Il curriculum di questa reputata organizzazione non governativa fa sempre rumore. Sono tanti i giornalisti colpiti da censure, minacce, arresti e violenze che non vengono dimenticati né lasciati troppo soli grazie a queste opportune ingerenze.
Reporter Senza Frontiere (Reporters sans frontières – RSF) è una Ong internazionale, il cui obiettivo dichiarato è proprio la difesa della libertà di stampa. Raccoglie fondi per pagare gli avvocati dei giornalisti oppressi e così via. Messa così, un comunicato di RSF si potrebbe lasciare senza chiose e commenti. Eppure la critica non deve venire meno, neanche in questo caso, tanto meno su una materia così delicata: la libertà di parola, di espressione, di stampa; la nostra libertà nel mondo.
Il punto è che RSF stila delle classifiche molto discutibili. A tratti ben argomentate, ma magistralmente sbilanciate a favore del sistema dei media egemonizzato da poche corporation anglosassoni, tutte compartecipi delle grandi linee strategiche dell’Impero.
Ci sono nel resoconto di Reporter Senza Frontiere anche alcune significative critiche al sistema dominante dei media. Si stigmatizza in particolare l’effetto devastante della mobilitazione bellica sulla libertà di stampa in capo ai paesi occidentali. Ma per il resto, c’è un’esaltazione del modello: una società aperta dove ci sono pluralismo, leggi, magistrature, divisioni dei poteri, libertà di stampa, competizioni aperte, libertà di pensiero e istituti legali che la tutelano.
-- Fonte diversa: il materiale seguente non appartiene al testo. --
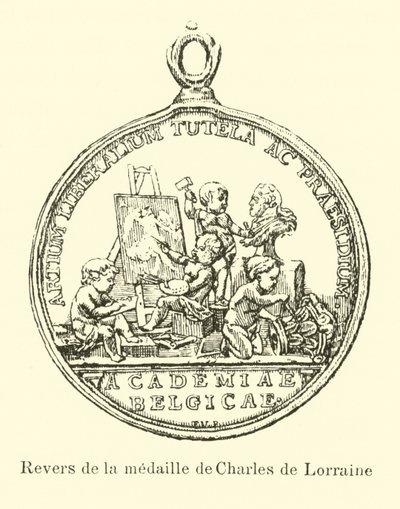 Keerzijde van de medaille van Karel van Lotharingen door Belgian School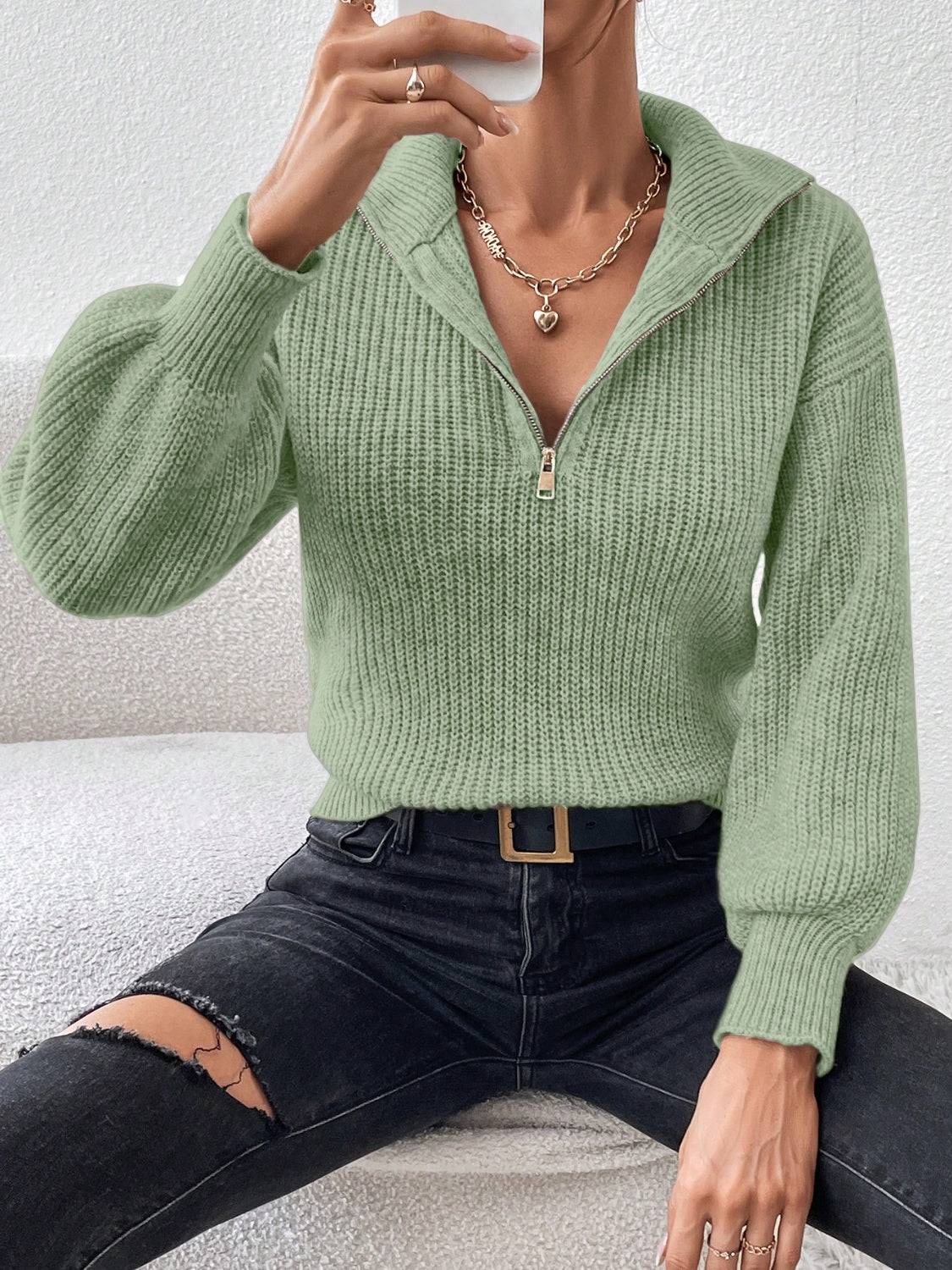 Honey Half Zip Dropped Shoulder Sweater - NEWYORKLISTED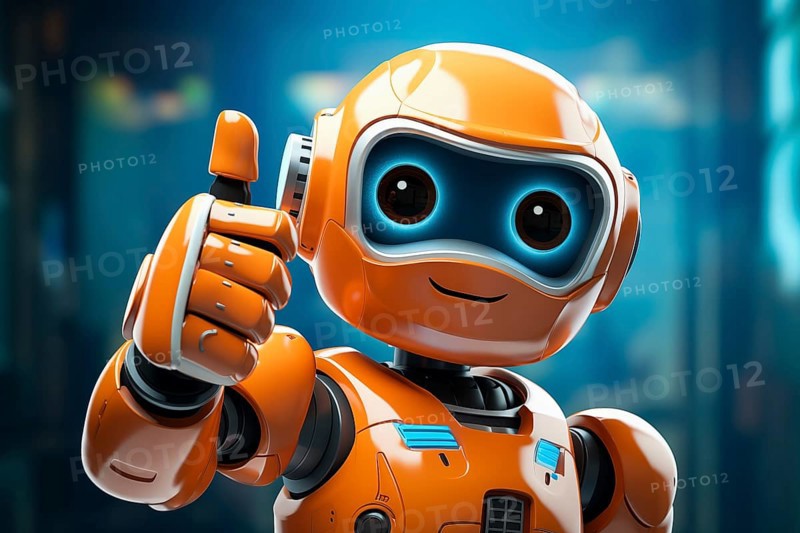 Orange robot showing a thumbs up gesture. The friendly robot has big round eyes and a friendly smile. Concept of artificial intelligence technology approval agreement, success, friendliness, AI generated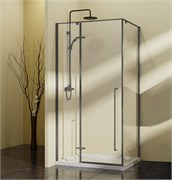 VINCEA Slim-N Душевой уголок прямоугольный размер 100x90 см, двери распашные, профиль - вороненая сталь / стекло - прозрачное VSR-5SN9010CLGM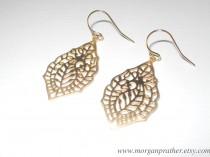 wedding photo - Paisley Pendant Dangle Earrings in Gold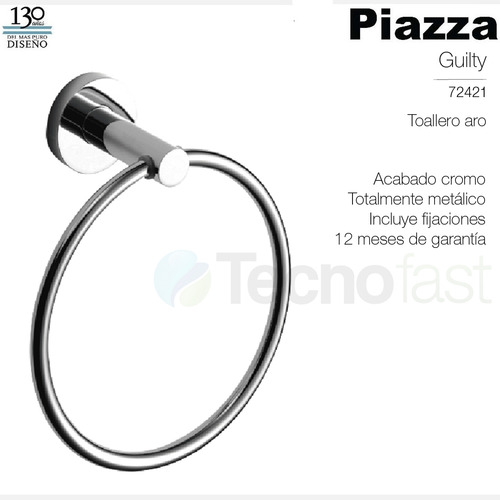 Toallero Aro Piazza Accesorio Baño Guilty Cromo 72421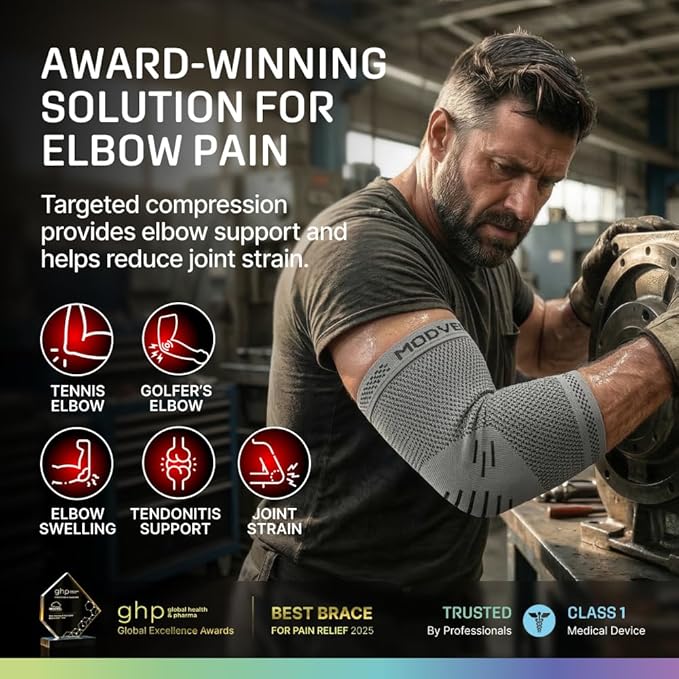 Modvel 2 Pack Elbow Brace - Golfer's Elbow Compression Sleeve Support for Joint Pain Relief, Recovery, Tendonitis Braces, Tennis Elbows Brace For Men & Women, Workout & Weightlifting Arm Wrap, Gray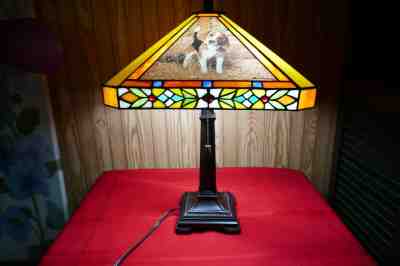 Large Beagle Dog Stained Glass Tiffany-style Art Lamp Danbury Mint Retired RARE!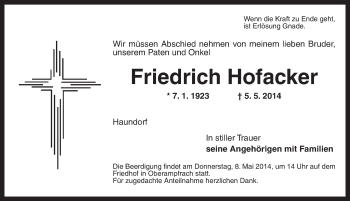 Traueranzeige von Friedrich Hofacker von Dinkelsbühl/ Feuchtwangen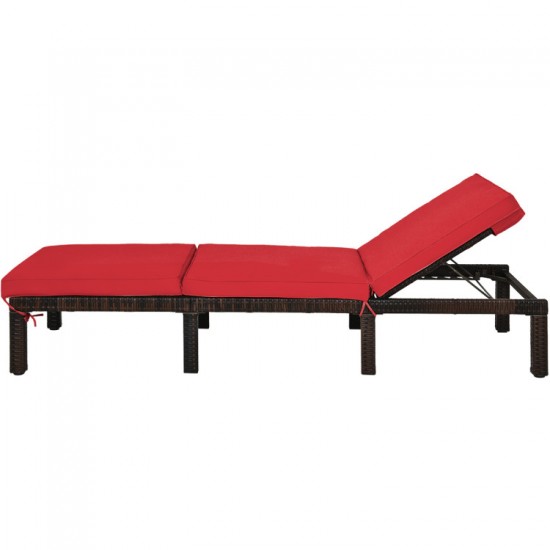 Honhorrs PE Wicker Patio Chaise Lounger, Six Recline Positions with Padded Cushion and Metal Frame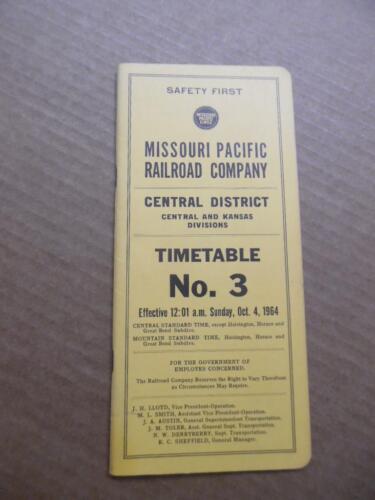 1964 Missouri Pacific Railroad Pracownik Rozkład jazdy 3 Central District Kansas Div - Zdjęcie 1 z 3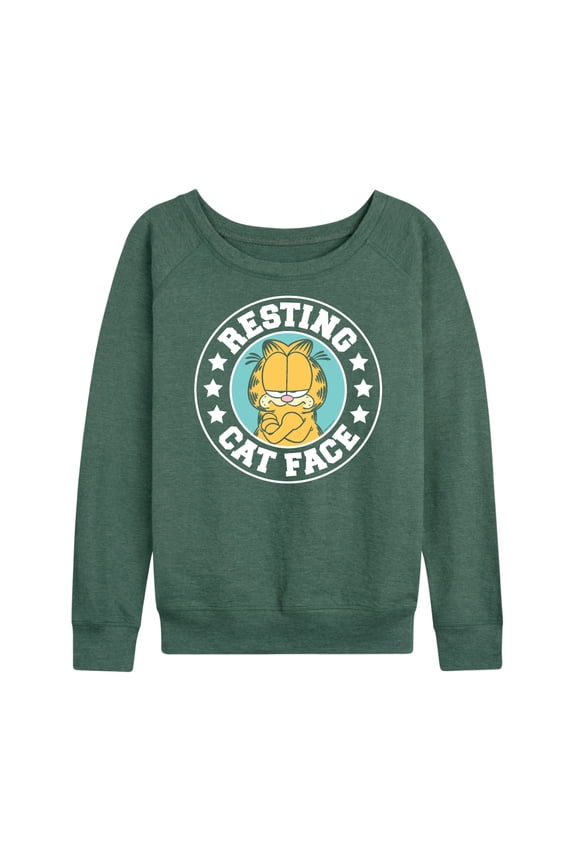 - Resting Cat Face - Women's Lightweight French Terry Long Sleeve Shirt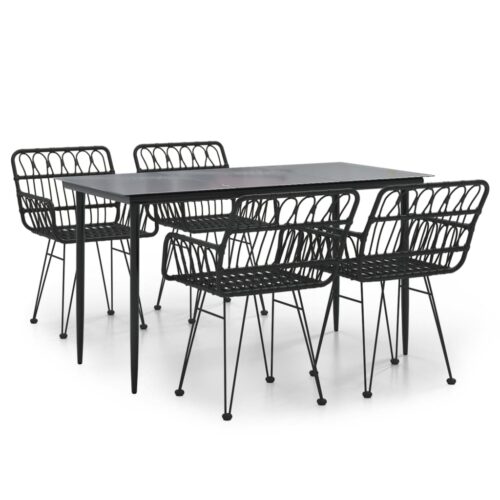 5-Piece Garden Dining Set Black Poly Rattan Wicker Outdoor Patio Furniture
Bella, la società aperta. Nelle società aperte, il governo è responsabile e tollerante, e i meccanismi della politica sono trasparenti e flessibili. Lo Stato non si tiene per sé i segreti al cospetto del discernimento pubblico; è una società non autoritaria in cui tutti sono meritevoli di fiducia e tutti hanno accesso alla conoscenza reciproca. Le libertà politiche e i diritti umani sono le fondamenta della società aperta. Henry Bergson e Karl Popper avrebbero gradito una simile definizione. È un idealtipo di liberaldemocrazia che si contrappone ai totalitarismi, alle oligarchie, alle società in cui il potere è contendibile solo con i colpi di Stato, gli intrighi e il denaro di pochi.
Ma in realtà, di tutte queste belle cose, che pure sentiamo connaturali ai nostri sistemi, ci è rimasta tutta la retorica, ma molta meno sostanza di quanto siamo disposti ad ammettere. Su queste cose RSF non affonda il colpo, mai. Non entra in dettaglio a descrivere l’ampiezza delle ferite inferte alla democrazia con la complicità dei nostri governi e delle grandi concentrazioni mediatiche. Affonda invece oltre ogni dire il suo colpo sul Venezuela, per esempio, in funzione anti-Chavez, tralasciando fatti importanti sul pur malfermo pluralismo di quel paese. Idem in Russia, con qualche falsità e vaghe insinuazioni, come nel caso Politkovskaja.
L’influenza dei think-tank “parastatali” americani nei confronti di RSF si manifesta se non altro in termini di finanziamenti. Fra i finanziatori troviamo ad esempio l’Open Society Institute di George Soros o il Center for Free Cuba (estrema destra anticastrista con base a Miami), così come il National Endowment for Democracy, un’organizzazione finanziata quasi esclusivamente dal Congresso USA per «promuovere la democrazia», di fatto un’agenzia in grado di condurre legalmente azioni a sostegno di selezionati media e partiti politici esteri altrimenti inibite alla CIA.
Per scelta, Reporter Senza Frontiere non entra nel campo della critica ai media, alle autocensure, al soft power. Ha il facile target della Corea del Nord, bersaglio comodo e maglia nera della classifica dei cattivi, al quale cerca di far avvicinare il più possibile tutti i nemici strategici dell’Impero in declino.
Perciò il comunicato di Reporter Senza Frontiere che annuncia il Rapporto del 2008 va assaggiato con un pizzico di sale. Certo, non racconterà il senso di fallimento dell’avventura imperiale che sta precipitando con Bush, ma almeno ammette che Guerra e Verità sono due temi che tendono a cancellarsi a vicenda. E questo è un fatto fondamentale dell’odierna comunicazione di cui qualsiasi operatore deve tenere conto.
Il lavoro di RSF è insomma solo un pezzo della critica che possiamo fare al sistema della comunicazione. È un utile compendio di notizie da raccogliere e rilanciare per tutelare con atti concreti chi rischia di suo per voler raccontare le cose del potere. Ma questa lettura del problema va legata a una critica più completa nei confronti dei meccanismi di pressione sulla libertà di parola. Cambiando alcuni parametri la classifica sarebbe molto meno rassicurante per il nostro sistema informativo, e meno utilizzabile per ammassare gli avversari dell’Occidente in una galleria di spauracchi totalitari.
Per il resto buona lettura.

Solo la pace protegge le libertà nel mondo post-11/9
Le democrazie coinvolte in guerre fuori dal loro territorio, come gli Stati Uniti e Israele, cadono ulteriormente nella classifica ogni anno mentre vari paesi emergenti, specie in Africa e nei Caraibi, offrono garanzie sempre migliori per la libertà dei media.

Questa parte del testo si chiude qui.